Richard Preston, The Wild Trees

Dude. You have so gotta read this book. I mean - dude!

I'm distrustful of my appreciation for this book, Richard Preston's creative nonfiction novel The Wild Trees. The characters are skilfully drawn; the dramatic moments are punched and tangy; the environmental cred of its heroes is difficult to argue.
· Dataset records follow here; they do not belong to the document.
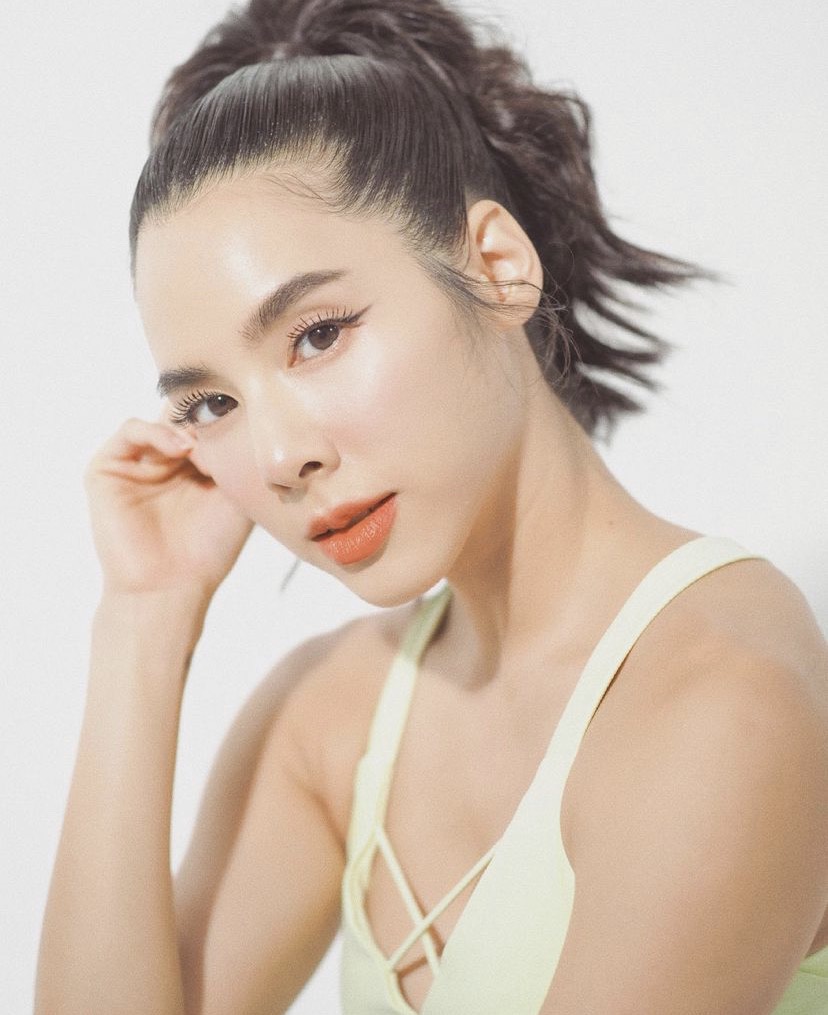 สุดฟิต! เบเบ้ โชว์ท่ายากฉีกขา 180 องศา สุดฟิต! เบเบ้ โชว์ท่ายากฉีกขา 180 องศา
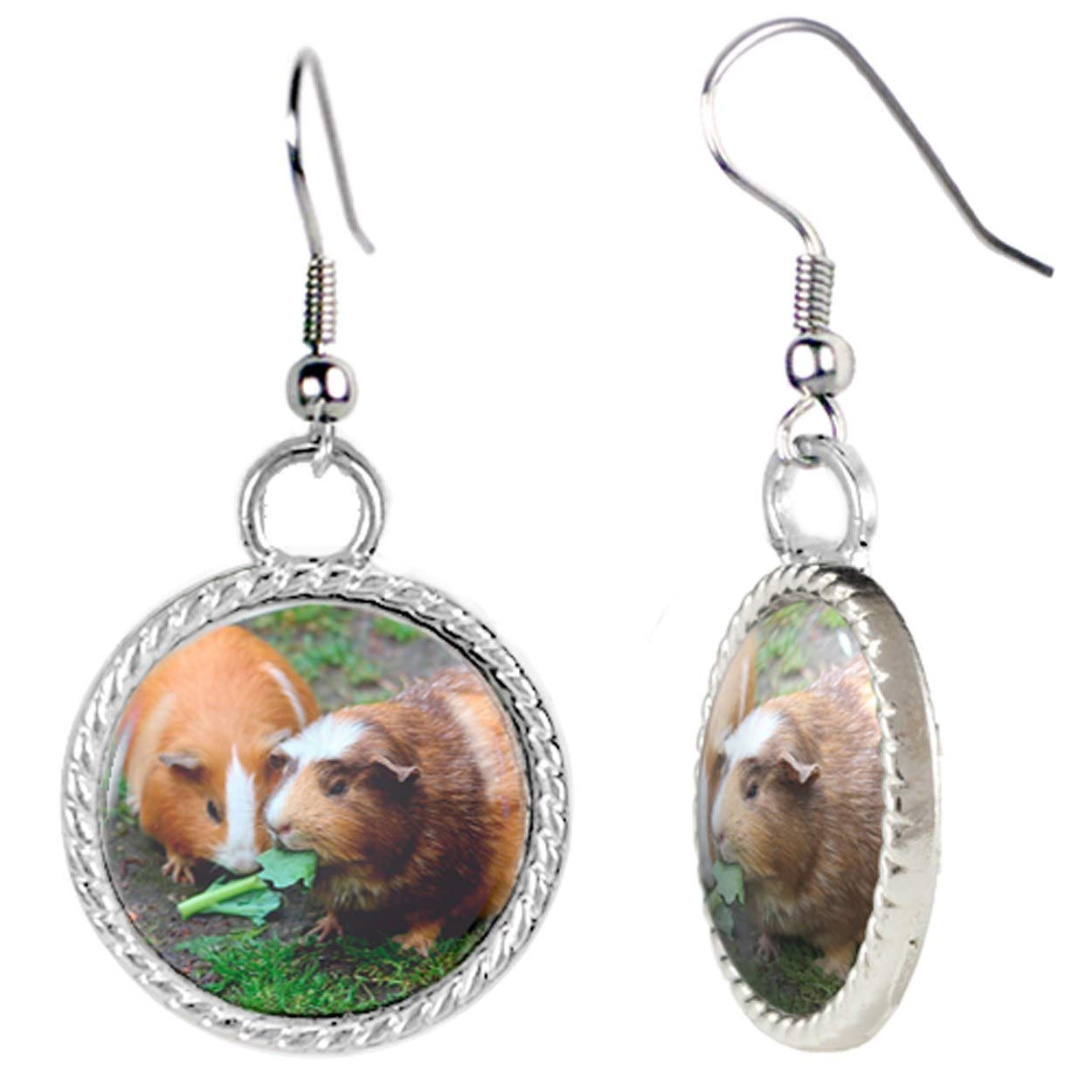 Stylish Guinea Pig Eating Greens Earrings - Cute Animal Jewelry for Women | Perfect Gift for Pet Lovers & Unique Fashion Accessory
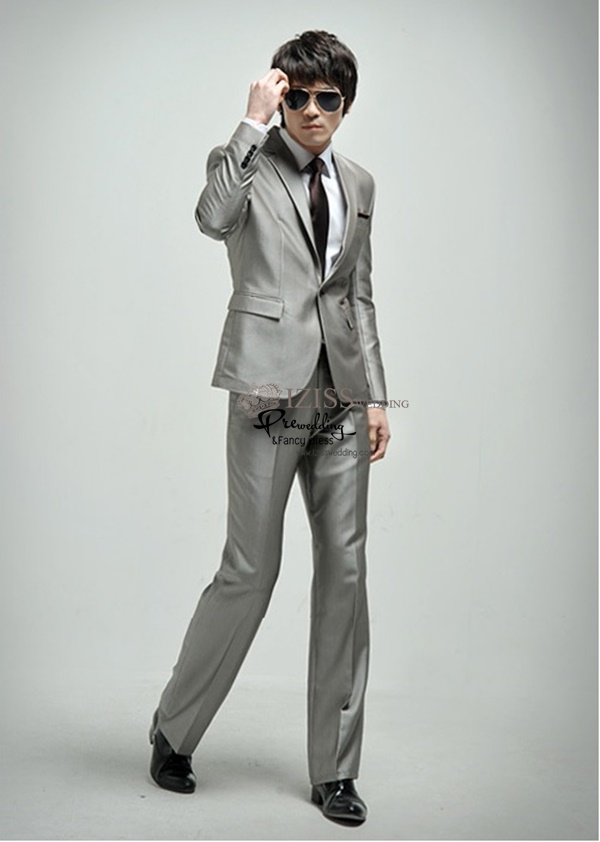 ST044- **พรีออเดอร์**สูทผู้ชายสีเทาเงินแขนยาว พร้อมกางเกงสีขาว ชุดสูทเจ้าบ่าว สูทแฟนซี ถ่ายพรีเวดดิ้ง & ชุดแต่งงานแฟนซี (Fancy wedding dress) สูทผู้ชายสีเทาเงิน
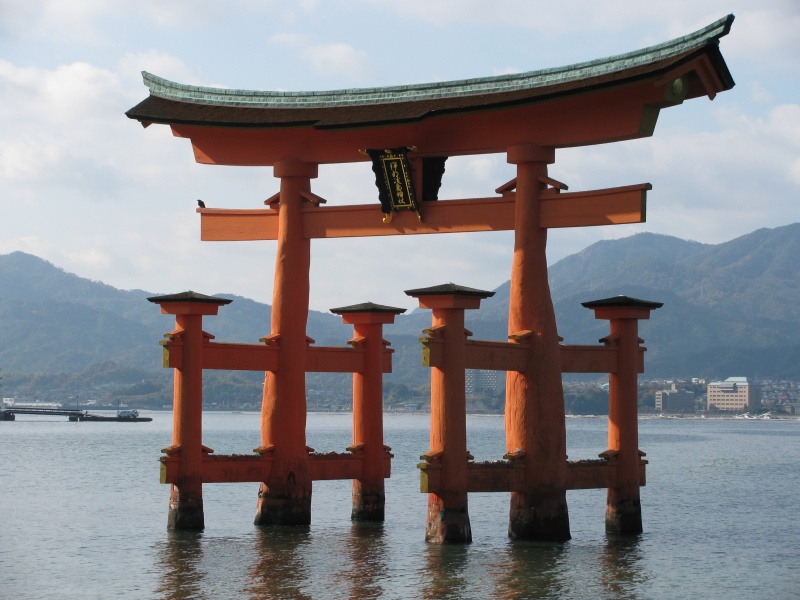 iyajima torii red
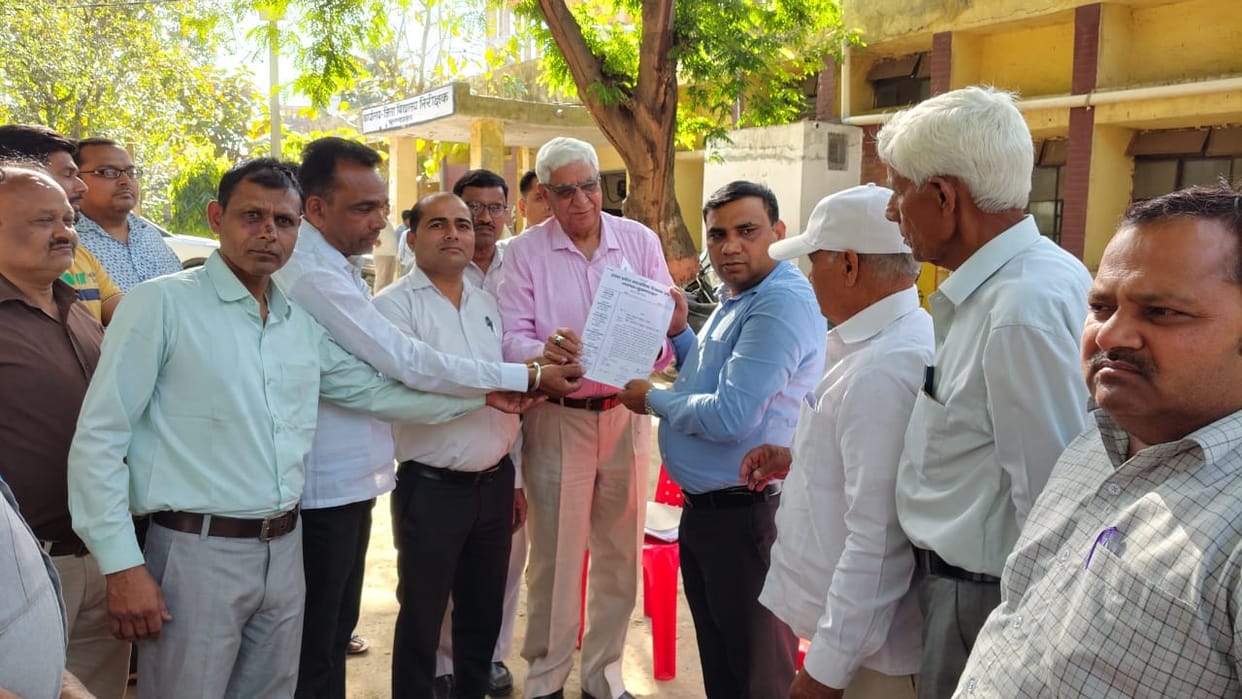 Dharna was held demanding the benefit of old pension.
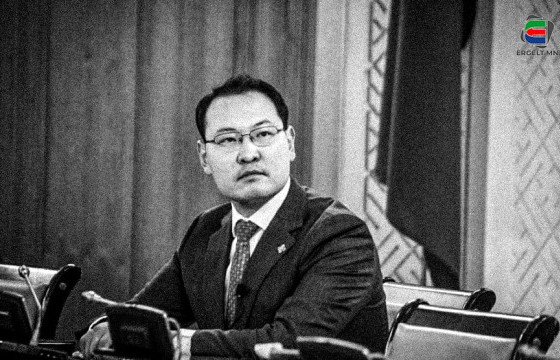 Э.БАТШУГАРЫН БУСДААС НУУСАН БУДЛИАНТАЙ ХӨРӨНГӨ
But somehow, it feels to me like a book destined to be a bestseller, taking an easy route through a difficult subject.

Charismatic megafauna: the term was coined to refer to the emphasis on glamorous species rather than keystone species (whales rather than plankton, or pandas rather than ... whatever wee important thing lives near pandas, I don't know). It's a mildly useful shorthand critique of certain environmental discourses, because it suggests a lack of depth in the discourse itself, rather like greenwashing.
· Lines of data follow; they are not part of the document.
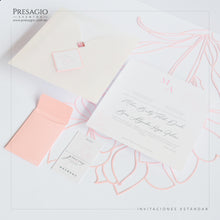 Cargar imagen en el visor de la galería, INVITACIÓN BELLE ENVELOPE FLOREAL
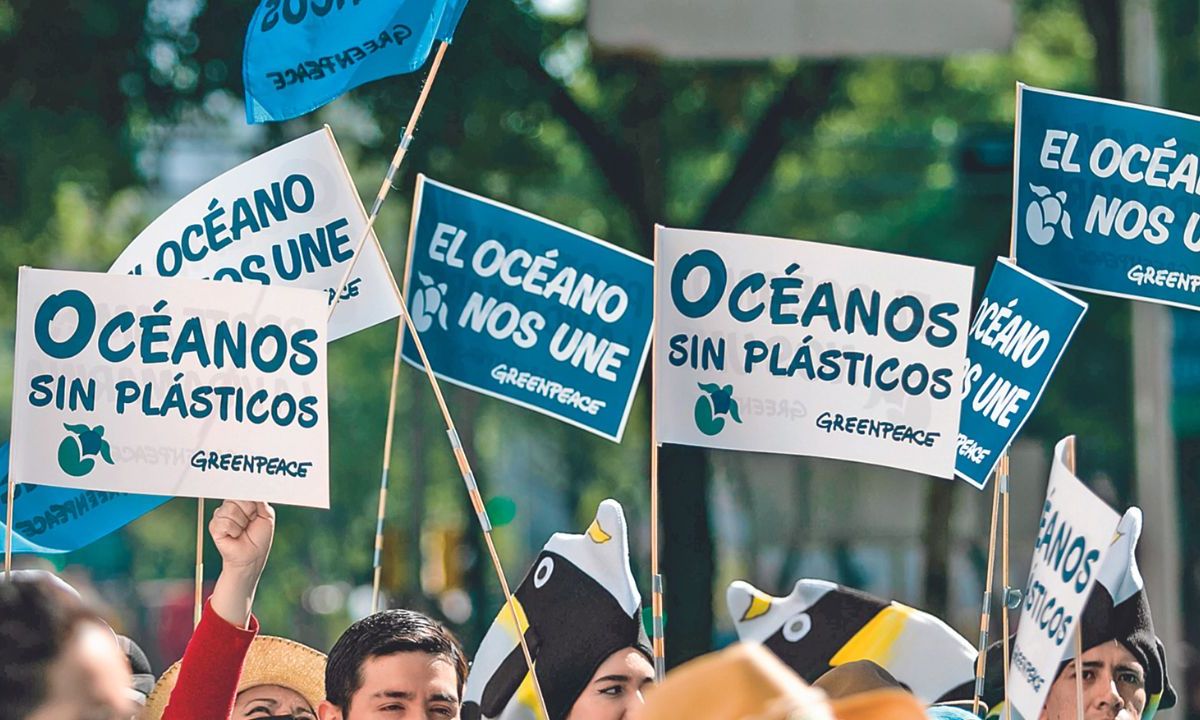 Protesta. Activistas han denunciado que los plásticos acaban con los mares del mundo.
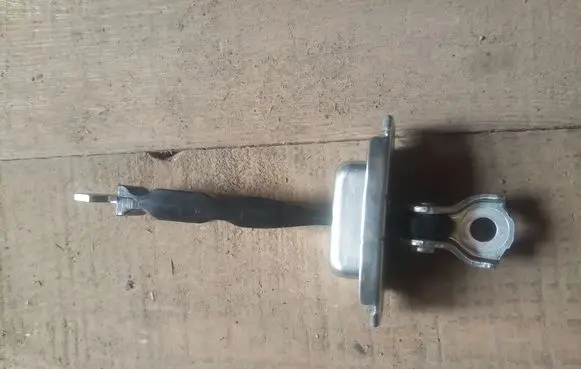 Mitsubishi Outlander Front door check strap stopper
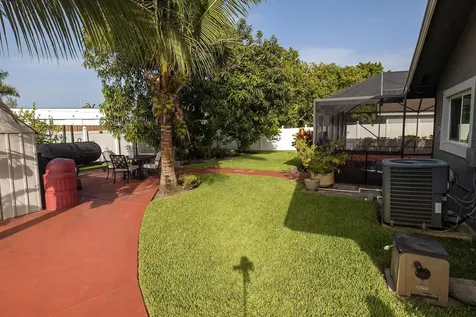 2045 Pinehurst Drive West Palm Beach FL 33407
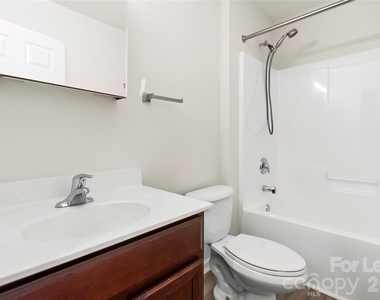 417 Armour Street - Photo Thumbnail 28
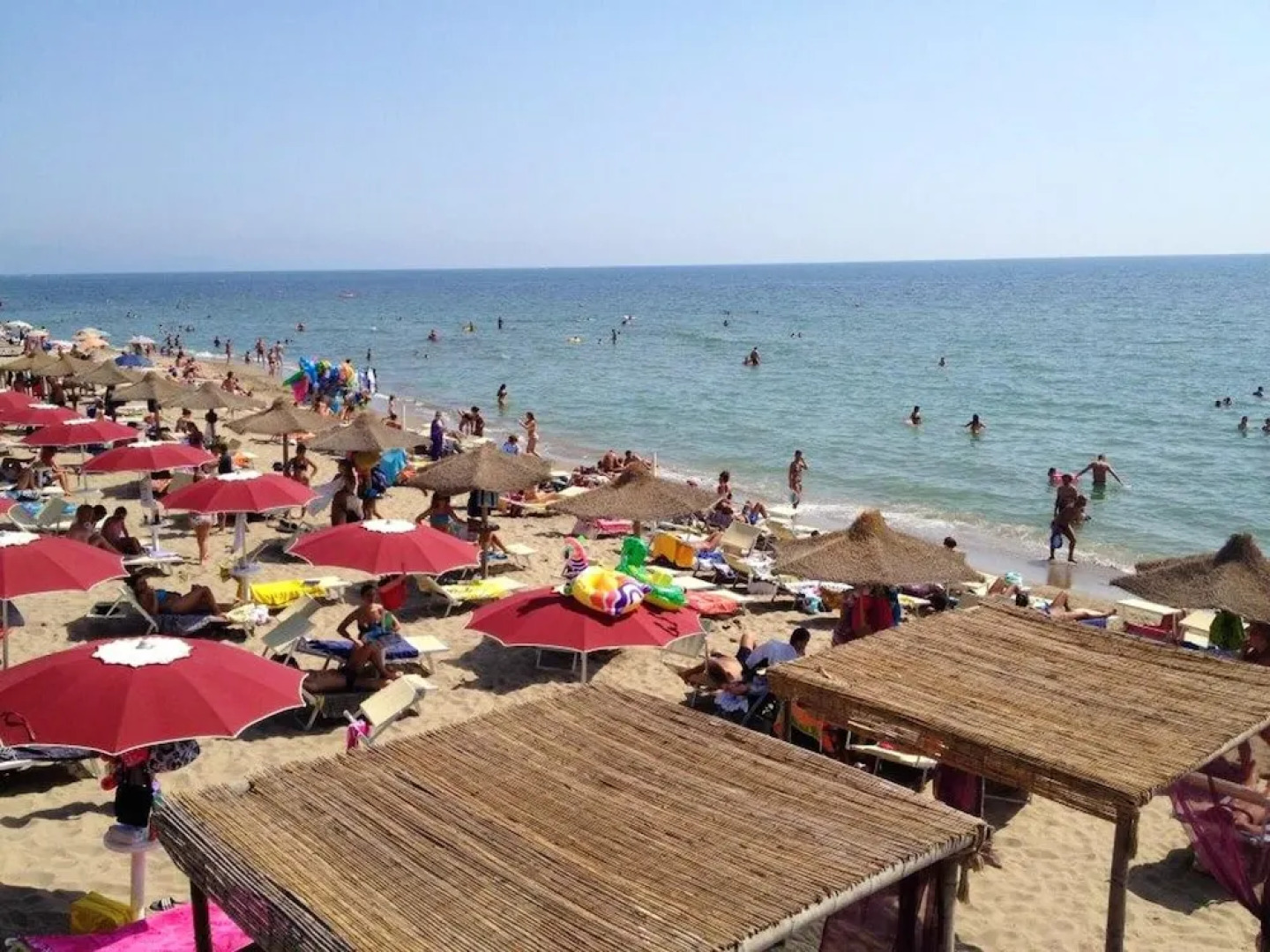 Apartment With 2 Bedrooms in Lago, With Wonderful Mountain View, Shared Pool, Enclosed Garden Near the Beach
I say this because redwoods, in Preston's handling of them, are charismatic megaflora. The largest living things on the planet, with the possible exception of subterranean mycelium complexes, the tallest redwood reaches almost 380 feet, while the biggest is 30 feet across at chest height. The people involved want to talk about lichen varieties, including some which grow only on the oldest known redwood tree and therefore might be linked to particular evolutionary cycles; they admire the huckleberry groves that grow three hundred feet above the ground, and the ability of redwoods to sprout roots from their tops to cannibalize their own water-holding rot; they remark upon bonsai trees of other species that grow atop these giants; they celebrate the sense of scale that the giants bring to their small human lives.
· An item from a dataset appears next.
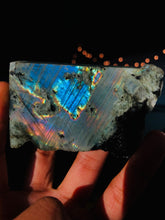 Load image into Gallery viewer, Multiple Flash Labradorite
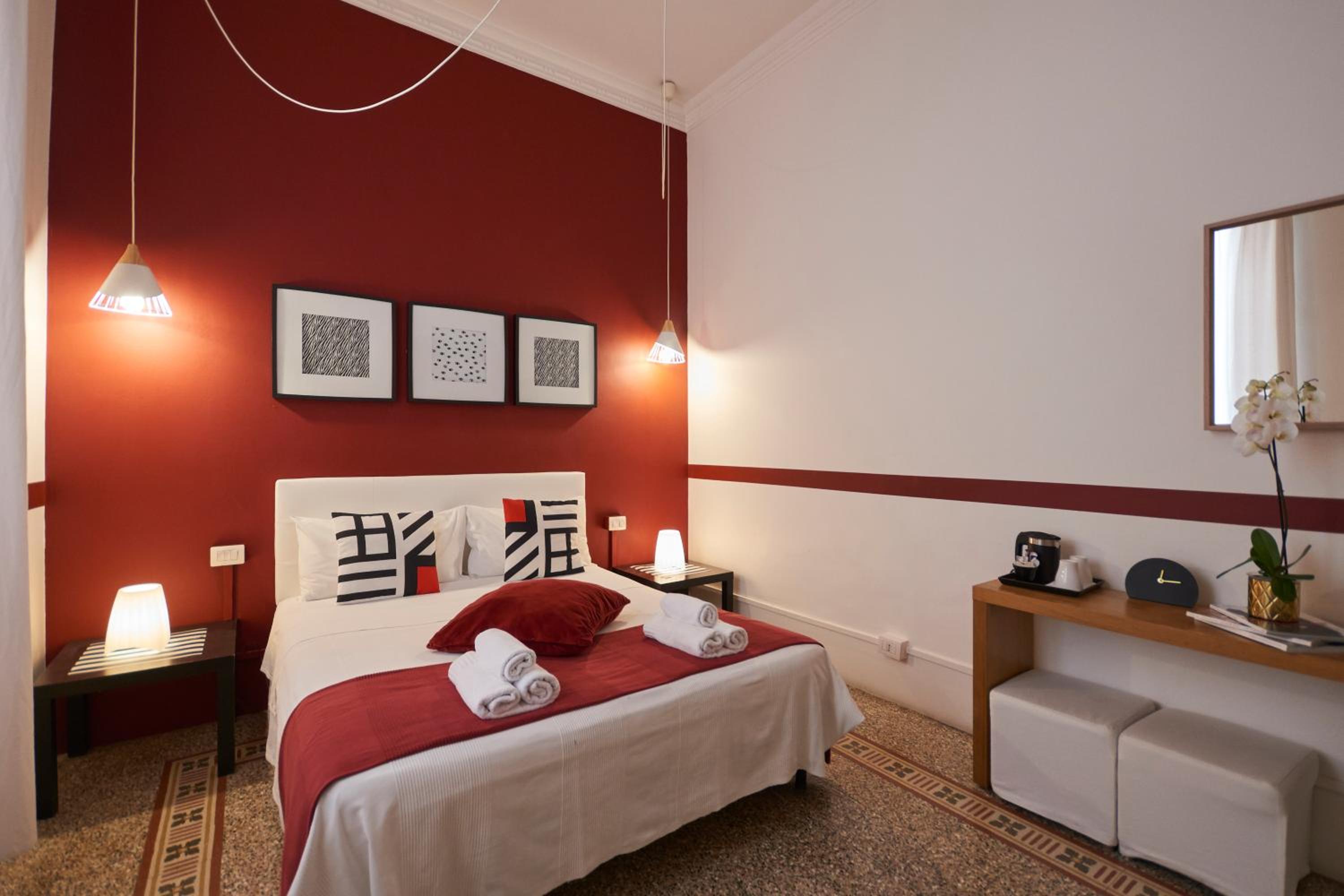 Double Room photo 3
But really, there's a lot of gnarly climbing in this book, dude (intentionally ignorant phrasing, I hope?-ed.), and that's powerfully at odds with the environmental message Preston wants to convey on behalf of his subject trees and people. It's a fun and easy read, which are good things, but it's hard to pay full enough attention to the environmental commentary with the climbing bravado and the mythologizing of discoverers.

Mario Vaden has a very good page, with photo albums, on the Grove of Titans, and I strongly encourage you to go there. I'd place some of his photos here, but they're copyrighted, and without a fair use comment on his page, I'm not going to lift them. I will, however, refer you to YouTube, which includes a short video about the climbing of the very tallest redwood tree. Read the book, by all means, but frankly I'd rather see you donate the $16 ($19 in Canada) to a green organization.

Comments

fiona-h said…
off topic for this post, but... I am finally reading The Eyre Affair. Thanks for recommending/

You've been a busy blogger lately!
richard said…
I've been a busy reader for the last while - I've been a busy blogger only in the last few days!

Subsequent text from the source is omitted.